London Loop: Day 7: Kingston to Donkey Wood

Woodland Gardens in Kingston
Woodland Gardens in Kingston is a totally wonderful little place

This is a fascinating walk, not because it's full of amazing scenery – it's not – but because it's a lesson in how varied London really is. This section of the Loop starts out in Kingston, one of the poshest parts of suburban London, and ends in Hatton Cross, right under the screeching flight-path of Heathrow's jets. It's a walk from rich to poor, a journey from a place where people complain about an imaginary litter problem, to a place where people do nothing about a genuine one. At the start of this walk you're surrounded by people who drink tea at four o'clock; at the end you bump into the poor lost souls who tuck into their first cans of Stella at 9am. This is a nine-mile journey from tweed jackets to tracksuit bottoms, and it's a walk every Londoner should do at least once.

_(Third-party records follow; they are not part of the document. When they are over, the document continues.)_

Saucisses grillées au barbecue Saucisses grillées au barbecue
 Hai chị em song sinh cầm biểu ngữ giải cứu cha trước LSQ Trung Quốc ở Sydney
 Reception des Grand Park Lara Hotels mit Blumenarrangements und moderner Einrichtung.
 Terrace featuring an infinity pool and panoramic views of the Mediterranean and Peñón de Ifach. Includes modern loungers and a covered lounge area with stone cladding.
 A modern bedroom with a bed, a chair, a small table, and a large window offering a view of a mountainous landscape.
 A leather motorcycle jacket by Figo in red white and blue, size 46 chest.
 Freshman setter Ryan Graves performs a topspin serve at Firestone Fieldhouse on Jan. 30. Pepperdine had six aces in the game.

Daffodils in the Waterhouse Plantation
Daffodils in the Waterhouse Plantation

Into the Middle Class

The Shot Tower in Crane Park
The Shot Tower

If Kingston is where the rich people live, the Loop soon drifts into the realm of the middle classes. Along Cobblers Walk the Loop takes us through Teddington; this is Daily Mail and Daily Telegraph territory, as you can see from the contents of the green recycling boxes outside the expensive houses by the golf course. The Loop is still very much in the money here, though when I walked across the golf course there was a massive amount of construction going on; it looked like a large, modern block of offices rising from the ashes of the old clubhouse – or maybe it was a new clubhouse, I couldn't tell – but soon enough the Loop ducks back into suburbia, through twee names like Bye Ways and Willow Way, and finally into Crane Park.

Under the Jets

An aeroplane flying overhead
Low-flying planes are a fact of life as you approach the runways of Heathrow

From Crane Park the Loop crosses a railway line and enters Hounslow. Compared to Kingston this is a different world, and Hounslow Heath manages to retain its rough edge. The heath has a chequered past and a chequered future; it's a rough place, both botanically and sociologically, and when I was there it was amazing how many people on the heath had long hair, multiple piercings and Staffordshire bull terriers. It's easy to get lost, and a sign on the way in mentions that the adder, England's only poisonous snake, has recently been spotted here. It doesn't help you feel at ease.